DFlow (Shi et al., 2023) introduces separated global and local scheduling, tightly coupled with a distributed object store for efficient, decentralized data exchange, suited for serverless workflows.

AIR (Venugopal et al., 2020) implements purely masterless, peer-to-peer orchestration with all nodes running identical code, using asynchronous iterative routing for dynamic sharding and message passing.

2. Dataflow Graph Modeling and Sharding

The core abstraction is the sharded dataflow graph $G = (V, E)$ , a directed bipartite model where:

Operators $O = \{ o_1, o_2, ... \}$ represent compiled functions or execution units, each possibly sharded across many devices ( $o_{j,i}$ ).
Futures $F = \{ f_1, f_2, ... \}$ denote tensor data tokens, each produced by a single operator.
Edges $E \subset (O \times F) \cup (F \times O)$ describe production and consumption relationships.

An operator $o$ is ready to run at time $t$ iff $\forall f \in Pred(o)$ , $f$ is available. Each data token/future encapsulates device placement and shard routing metadata. Sparse and fine-grained sharding is supported: producers can selectively send outputs to subsets of downstream consumer shards, and readiness is tracked via receipt progress, enabling advanced patterns such as dynamic MoE routing.

AIR (Venugopal et al., 2020) formalizes dynamic sharding using deterministic hashes and window-based aggregation keys across the MPI rank space ( $j = h(x.key) \bmod P$ ), generalizing to stateless and stateful operators.

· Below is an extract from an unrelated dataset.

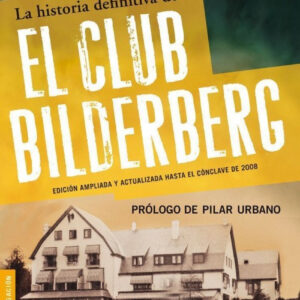 La historia definitiva del Club Bilderberg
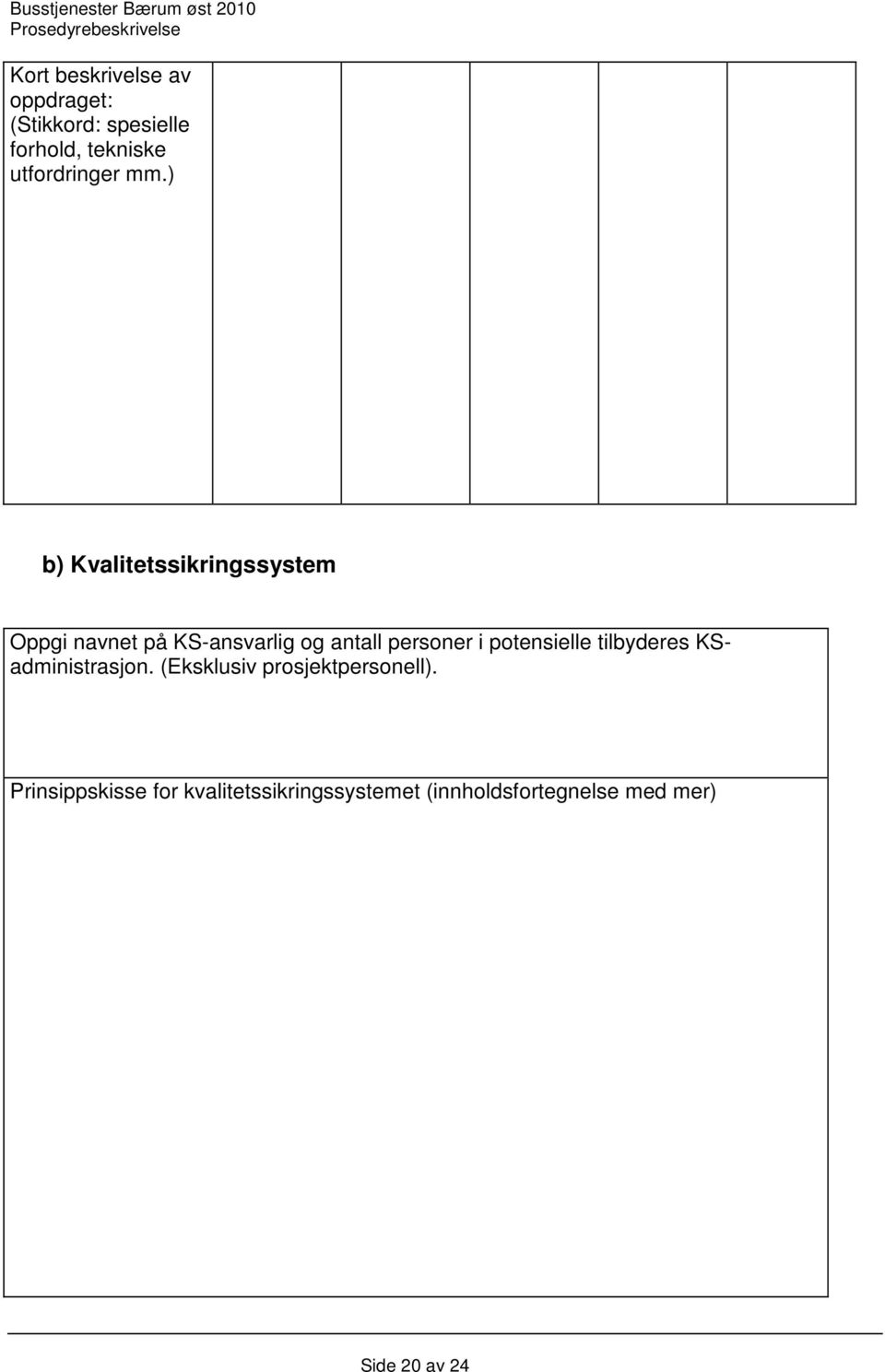 ) b) Kvalitetssikringssystem Oppgi navnet på KS-ansvarlig og antall personer i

3. Control and Data Plane Separation

Pathways (Barham et al., 2022) cleanly separates control-plane (scheduling, resource allocation, buffer management) from data-plane (tensor movement, collective operations):

Control-plane traffic traverses the DCN and is managed via a distributed engine (Plaque) that tracks operator dependencies as futures and coordinates scheduling actions.
Data-plane traffic moves tensor payloads directly over high-bandwidth links (ICI for TPUs; NVLink for GPUs), bypassing host involvement wherever possible.

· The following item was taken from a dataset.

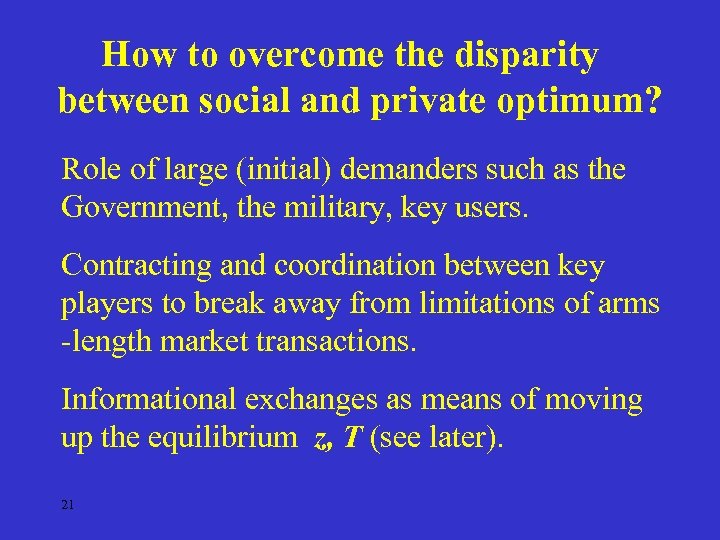 How to overcome the disparity between social and private optimum? Role of large (initial)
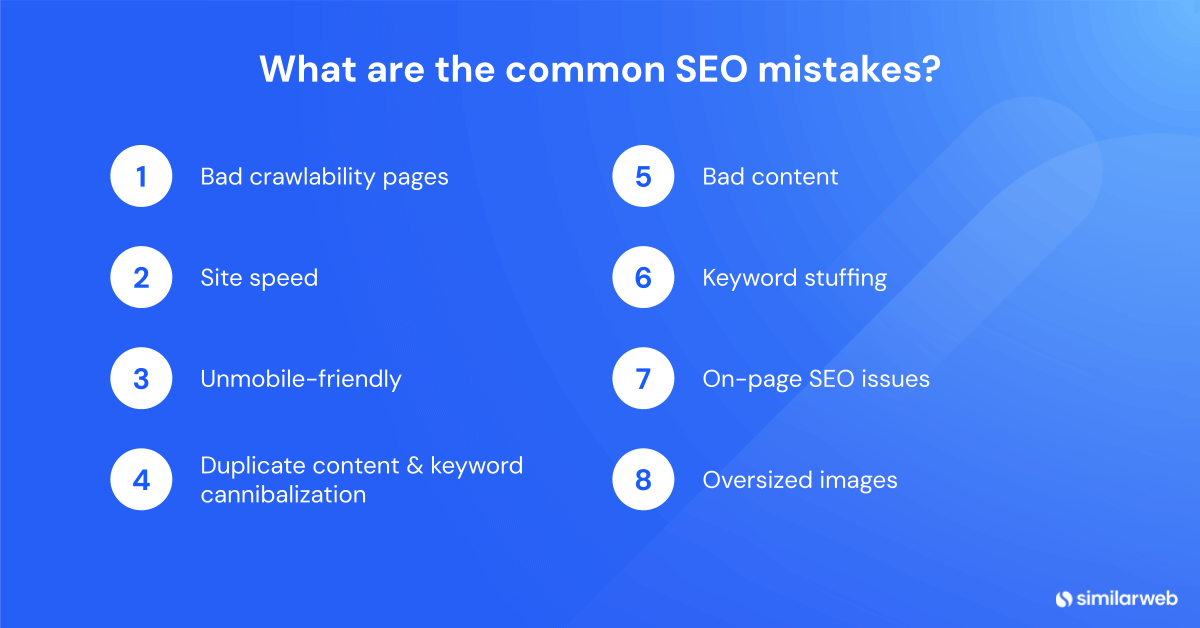 What are the common SEO mistakes?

Asynchrony permits speculative preparation and host-side pipelining of function dispatch, overlapping the control path with accelerator execution time, and hiding $O(\mu s \rightarrow ms)$ latencies.

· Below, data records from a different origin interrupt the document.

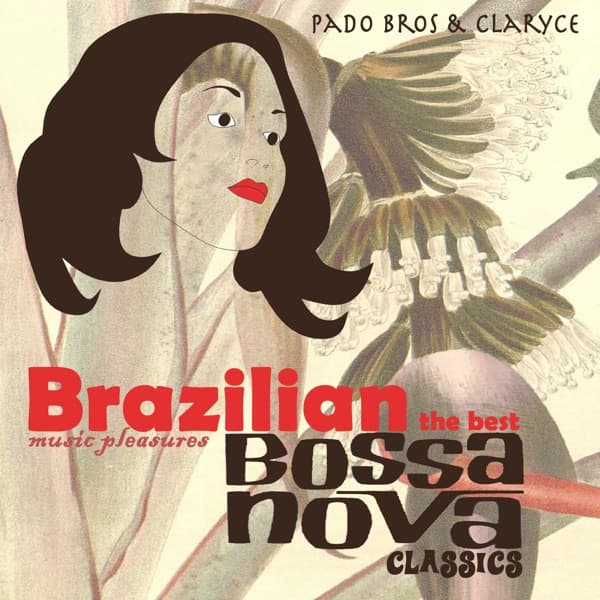 Brazilian Music Pleasures the Best Bossa Nova Classics by Pado Bros and Claryce, the album Aquarela Do Brasil appears on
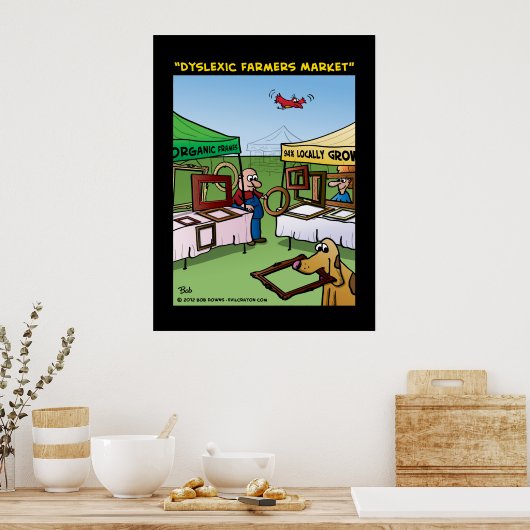 "Dyslexic Farmers Market" Poster (Keuken)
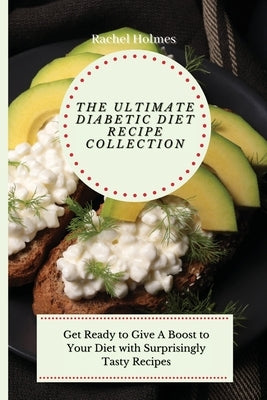 The Ultimate Diabetic Diet Recipe Collection: Get Ready to Give A Boost to Your Diet with Surprisingly Tasty Recipes by Holmes, Rachel
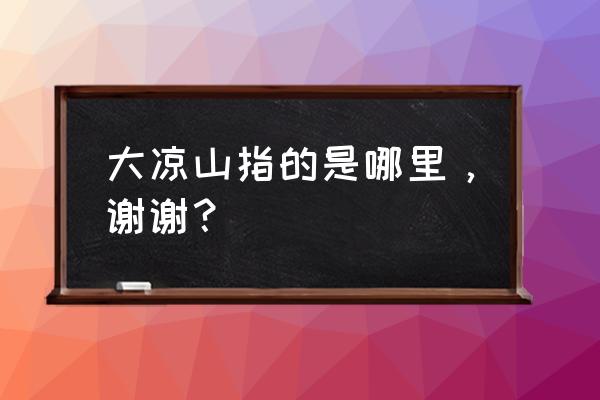 大凉山在哪个省哪个市 大凉山指的是哪里，谢谢？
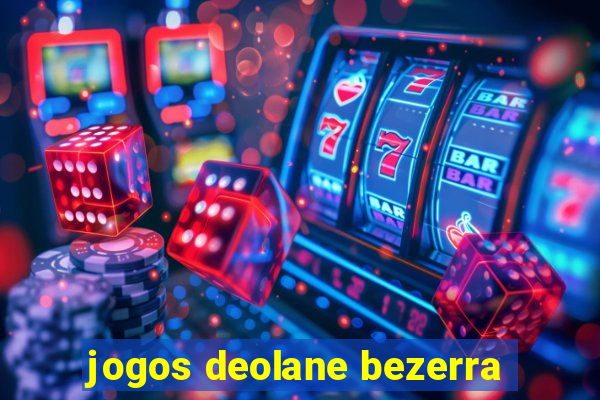 jogos deolane bezerra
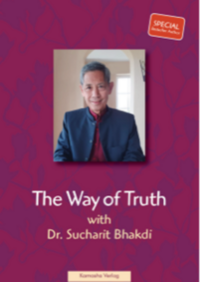 The Way of Truth - Conversation with Dr. Sucharit Bhakdi (English version, 2. extended version))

DFlow (Shi et al., 2023) applies similar principles in serverless compute: dataflow-based scheduling triggers container invocation ahead of dependency resolution and leverages in-memory chunked storage (DStore) to block/wake functions precisely as dependent data becomes available.

AIR (Venugopal et al., 2020) eschews any centralized barrier or master node, using listener, processor, and sender threads per channel, strictly synchronized via local pthread mutexes and condition variables, with all interprocess coordination handled through tagged MPI messaging.

4. Scheduling, Gang-Scheduling, and Resource Allocation

Pathways utilizes a centralized gang-scheduler per accelerator island:

initialize ready_queue = ∅
loop:
  for each new scheduling_request r:
    insert r into ready_queue (according to policy)
  if ready_queue ≠ ∅:
    r = pop(ready_queue)
    assign accelerator_ids = allocate_slices(r.shape, r.size)
    for each shard s of r:
      send DISPATCH(shard_id=s.id,
                    accel_id=accelerator_ids[s.id],
                    input_futures=r.input_handles[s.id])
  wait for next event (new_request or shard_done)

All shards of a function are launched synchronously, enforcing robust barrier semantics per batch, and ensuring deadlock-free collectives. Data locality is optimized by allocating contiguous mesh slices.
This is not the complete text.